Tenacity is reported as breaking stress divided by linear density. Modulus is reported as the slope of the initial stress/strain curve converted to the same units as tenacity. Elongation is the percent increase in length at break. Both tenacity and modulus are first computed in g/denier uints which, when multiplied by 0.8826, yield dN/tex units. Each reported measurement is the average of 10 breaks.
Yarns tested for tensile properties are measured at 24.degree. C. and 55% relative humidity after conditioning under the test conditions for a minimum of 14 hours. Before testing, each yarn is twisted to a 1.1 twist multiplier. The twist multiplier (TM) correlates twist per unit of length with linear density of a yarn being twisted. It is computed from
TM=(Denier).sup.1/2 (tpi)/73 where tpi=turns/inch
TM=(dtex).sup.1/2 (tpc)/30.3 where tpc=turns/cm.
Each twisted specimen has a test length of 25.4 cm and is elongated 50% per minute (based on the original unstretched length) using a typical recording stress/strain device.
Flex test (Disk Fatigue).
The primary means for determining the retained strength of used cords is through a test described in the ASTM Standards to test Fatigue Resistance. Fatigue Resistance can be thought of as the ability of a cord to resist degradation when it is forced to undergo repeated cycles of stress, such as compression.
To conduct Fatigue Resistance testing, yarns to be tested are twisted and dipped and the dip coatings are cured. The dip coated cords are, then, cured in rubber and subjected to a disk fatigue test as described in ASTM Part 24, Appendix, page 177 (1966).
The test exposes a cord embedded in rubber to cyclic tensioning and/or compression to measure the effect of the fatigue on the properties of the cord. The Disc Fatigue Tester is an instrument developed and patented (U.S. Pat. No. 2,595,069) by B. F. Goodrich Company. It comprises two facing disks which rotate about axes which meet at a small angle so that a specimen mounted to and between the disks, with each end of the cord substantially perpendicular to one of the disk faces, will change in length as the disks rotate on their axes at the same angular velocity. The results of this test are sensitive to the modulus of the rubber stock used, to the spacing and angle between the disks of the testing machine, and to the number of cords in the rubber block for each specimen. For the testing herein, there is one cord-length per block, and it is subjected only to compression.

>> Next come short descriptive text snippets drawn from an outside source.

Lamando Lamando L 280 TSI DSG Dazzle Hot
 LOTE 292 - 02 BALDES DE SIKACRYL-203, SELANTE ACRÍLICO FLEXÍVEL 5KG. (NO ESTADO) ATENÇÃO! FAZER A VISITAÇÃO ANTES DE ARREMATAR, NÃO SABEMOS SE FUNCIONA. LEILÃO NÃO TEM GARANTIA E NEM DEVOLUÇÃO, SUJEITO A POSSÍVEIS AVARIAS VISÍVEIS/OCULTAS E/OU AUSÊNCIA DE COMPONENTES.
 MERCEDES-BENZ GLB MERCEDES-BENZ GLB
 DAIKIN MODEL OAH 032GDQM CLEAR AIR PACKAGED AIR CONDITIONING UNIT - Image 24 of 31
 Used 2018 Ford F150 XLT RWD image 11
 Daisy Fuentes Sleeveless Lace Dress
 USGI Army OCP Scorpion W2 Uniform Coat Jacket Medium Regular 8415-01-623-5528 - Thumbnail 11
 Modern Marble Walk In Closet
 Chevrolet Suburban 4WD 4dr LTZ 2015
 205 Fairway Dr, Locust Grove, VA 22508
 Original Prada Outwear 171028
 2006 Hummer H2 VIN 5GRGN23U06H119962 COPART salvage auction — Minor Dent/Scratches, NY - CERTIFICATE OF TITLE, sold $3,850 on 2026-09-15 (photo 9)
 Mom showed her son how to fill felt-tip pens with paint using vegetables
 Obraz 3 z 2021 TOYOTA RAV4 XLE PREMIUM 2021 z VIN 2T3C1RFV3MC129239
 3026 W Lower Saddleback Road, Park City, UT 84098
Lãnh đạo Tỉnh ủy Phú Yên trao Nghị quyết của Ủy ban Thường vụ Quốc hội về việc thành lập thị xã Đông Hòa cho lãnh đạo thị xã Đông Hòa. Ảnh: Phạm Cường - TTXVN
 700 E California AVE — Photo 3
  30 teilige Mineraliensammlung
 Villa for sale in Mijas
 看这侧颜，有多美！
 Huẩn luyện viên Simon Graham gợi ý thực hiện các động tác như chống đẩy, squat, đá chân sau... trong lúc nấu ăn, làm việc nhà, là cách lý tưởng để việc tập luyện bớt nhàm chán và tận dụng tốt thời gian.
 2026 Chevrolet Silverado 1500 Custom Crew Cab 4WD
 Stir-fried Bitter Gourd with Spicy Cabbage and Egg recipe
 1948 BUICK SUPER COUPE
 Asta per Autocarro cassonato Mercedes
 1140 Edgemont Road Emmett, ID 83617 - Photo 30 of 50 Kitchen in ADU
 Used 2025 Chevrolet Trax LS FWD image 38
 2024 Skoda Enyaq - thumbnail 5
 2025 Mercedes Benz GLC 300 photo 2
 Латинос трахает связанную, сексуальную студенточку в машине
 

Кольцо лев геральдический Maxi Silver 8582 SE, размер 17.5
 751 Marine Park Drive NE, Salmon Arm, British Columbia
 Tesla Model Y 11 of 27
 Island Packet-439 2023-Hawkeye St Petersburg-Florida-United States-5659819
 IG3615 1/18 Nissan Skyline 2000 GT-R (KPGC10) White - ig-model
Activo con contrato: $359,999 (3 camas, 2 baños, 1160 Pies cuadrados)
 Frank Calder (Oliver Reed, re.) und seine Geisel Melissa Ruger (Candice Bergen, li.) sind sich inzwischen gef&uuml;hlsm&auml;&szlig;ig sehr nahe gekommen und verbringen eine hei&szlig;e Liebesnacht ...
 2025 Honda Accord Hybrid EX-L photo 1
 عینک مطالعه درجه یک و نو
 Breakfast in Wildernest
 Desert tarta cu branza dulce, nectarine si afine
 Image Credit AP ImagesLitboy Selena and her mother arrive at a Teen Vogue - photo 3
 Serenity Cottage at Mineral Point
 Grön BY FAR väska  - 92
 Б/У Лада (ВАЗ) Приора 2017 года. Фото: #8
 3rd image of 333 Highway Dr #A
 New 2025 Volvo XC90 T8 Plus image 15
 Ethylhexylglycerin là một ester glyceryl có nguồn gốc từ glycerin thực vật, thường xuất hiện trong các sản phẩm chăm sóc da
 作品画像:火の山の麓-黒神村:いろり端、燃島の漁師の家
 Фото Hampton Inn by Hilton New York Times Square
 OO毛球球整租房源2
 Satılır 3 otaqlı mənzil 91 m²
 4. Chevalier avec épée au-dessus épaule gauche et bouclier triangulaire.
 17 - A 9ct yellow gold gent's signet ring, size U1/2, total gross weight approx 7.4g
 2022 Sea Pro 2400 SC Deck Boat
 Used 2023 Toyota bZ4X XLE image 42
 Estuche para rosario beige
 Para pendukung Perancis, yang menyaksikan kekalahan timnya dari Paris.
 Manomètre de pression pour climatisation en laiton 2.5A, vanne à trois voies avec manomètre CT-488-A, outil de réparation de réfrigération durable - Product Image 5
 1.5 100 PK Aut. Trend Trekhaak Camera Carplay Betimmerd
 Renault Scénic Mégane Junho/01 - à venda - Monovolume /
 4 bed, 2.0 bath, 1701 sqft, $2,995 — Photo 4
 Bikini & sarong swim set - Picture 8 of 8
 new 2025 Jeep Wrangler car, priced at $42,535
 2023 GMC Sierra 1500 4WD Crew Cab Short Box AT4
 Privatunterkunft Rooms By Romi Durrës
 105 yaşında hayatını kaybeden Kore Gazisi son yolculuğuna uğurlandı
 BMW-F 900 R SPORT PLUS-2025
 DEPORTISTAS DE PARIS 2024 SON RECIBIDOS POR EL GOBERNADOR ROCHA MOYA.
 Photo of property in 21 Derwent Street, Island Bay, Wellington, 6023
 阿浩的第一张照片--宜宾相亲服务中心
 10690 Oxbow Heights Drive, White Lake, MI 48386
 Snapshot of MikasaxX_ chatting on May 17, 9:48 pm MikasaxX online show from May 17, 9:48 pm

Yarns to be tested are placed on a twisting machine and are twisted in one direction, usually to achieve a "Z" twist. The twisted yarns are twisted together in the opposite direction to yield a complete cord structure. The resulting cord is, then, dipped into a subcoat bath and the subcoating is cured for 1 minute at 243.degree. C. The subcoated cords are dipped in a bath of topcoating composition and that topcoating is cured at 232.degree. C. for 1 minute. Although subcoatings and topcoatings for assuring good adhesion to rubber are well known and any kind of subcoating and topcoating materials can be used which assure effective adhesion to rubber or whatever matrix will be with the cords, the materials used herein are as follow: For the subcoating, the formulation identified as IPD-31 in Table II of "Technical Symposiums", Akron Rubber Group, Inc., 1977-1978, page 111. In that formulation, 0.37 parts of NaCO.sub.3 can be used to replace 0.28 parts of NaOH. For the topcoating, the formulation identified as PFR-1 in Table IV of the aforementioned "Technical Symposiums", with addition of 11.92 parts of a wax identified as Heveamul-M-111B (45% solids) (sold by Heveatec Corp. of Fall River, MA, USA) to further increase adhesion. The wax can be added with the Black Dispersion and after the aging step; and the amount of water in the formula is reduced by the amount of water added with the wax dispersion.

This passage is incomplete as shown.